La crisis política que enfrenta Alberto Fernández también tiene su correlato en el Congreso donde no puede juntar votos y tiene que hacer concesiones para la aprobación de proyectos. Si el tema de eliminar o no las PASO está complicado, mucho más lo está el Presupuesto 2023. Para conseguir 8 votos faltantes para la aprobación, se supo que el Gobierno anduvo ofreciendo algunos incentivos al sector de Juan Grabois. Si bien es lógico que los gobiernos deban negociar en el Congreso para lograr la aprobación de proyectos, tratándose del sector de Grabois no es nada complicado imaginar en qué van a consistir esos incentivos o concesiones que seguramente terminarán afectándonos a todos, agregando más lastre a la economía.
Los incentivos para la creación de empleos privados genuinos, o para aumentar de la productividad, es mala palabra para esta gente a la que solo se le ocurren bonos y refuerzos de ingresos, más impuestos para financiarlos, y la sobrecarga del empleo público o las empresas deficitarias del Estado, como ocurre en Operadora Ferroviaria Argentina S.E, que proyecta pérdidas por 100 mil millones pero que sumará 2000 empleados. Otro agujero fiscal tan significativo como el de Aerolíneas Argentinas. ¿Qué le hace una raya más al tigre?
Por último, pero no menos importante, Argentina sigue dando pasos extravagantes y extraviados en materia de política internacional. En este sentido, se produjo otro papelón diplomático en la OEA, por el voto argentino para echar del organismo a un opositor a Juan Guaidó como representante de Venezuela.

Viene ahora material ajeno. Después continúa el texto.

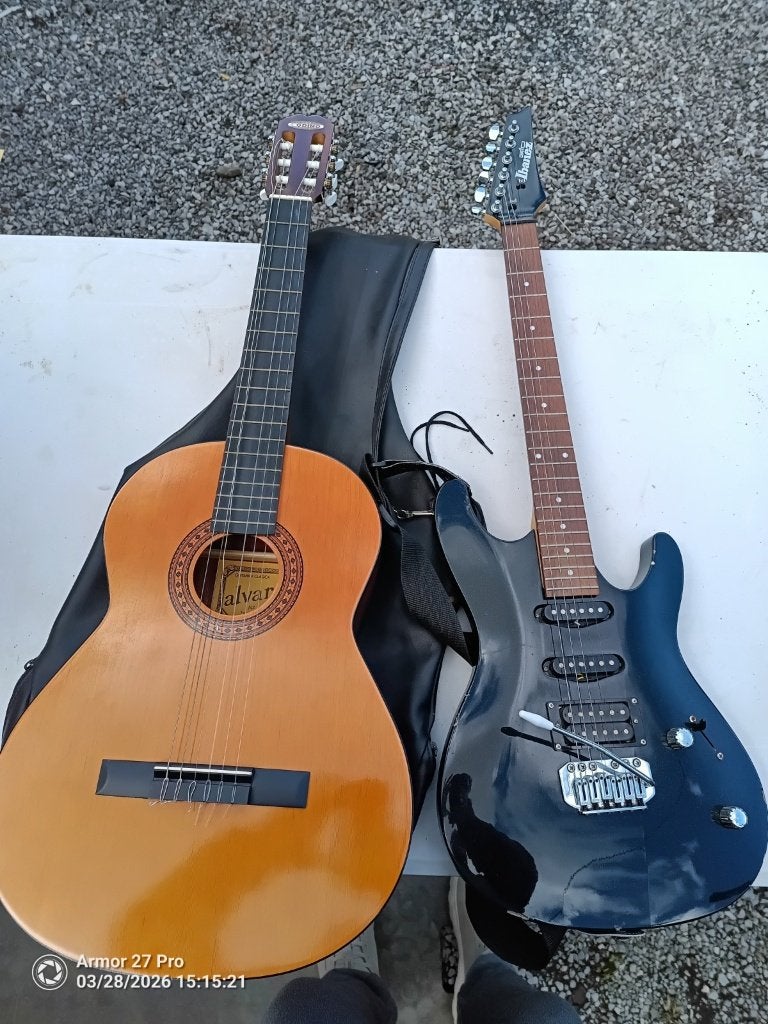 lot guitare et violon, Musique & Instruments, Enlèvement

En la ONU, el embajador argentino en China, Sabino Vaca Narvaja, dijo que no vio irregularidades en cuanto al dramático informe de Derechos Humanos elevado por la Michelle Bachelet con respecto a la preocupante situación que vive la comunidad musulmana. Hubo 17 votos a favor de China y 11 abstenciones. Entre los países que apoyaron a China, están Cuba, Venezuela y Bolivia. México y Argentina facilitaron la situación con una funcional abstención. La interna en el oficialista casi termina por comprometer el voto argentino en cuanto a la investigación sobre las violaciones a los derechos humanos cometidas por Rusia en la invasión a Ucrania. Como vemos, Argentina sigue desplegando posturas deplorables al apoyar o facilitar las cosas para regímenes autocráticos que violan los derechos humanos.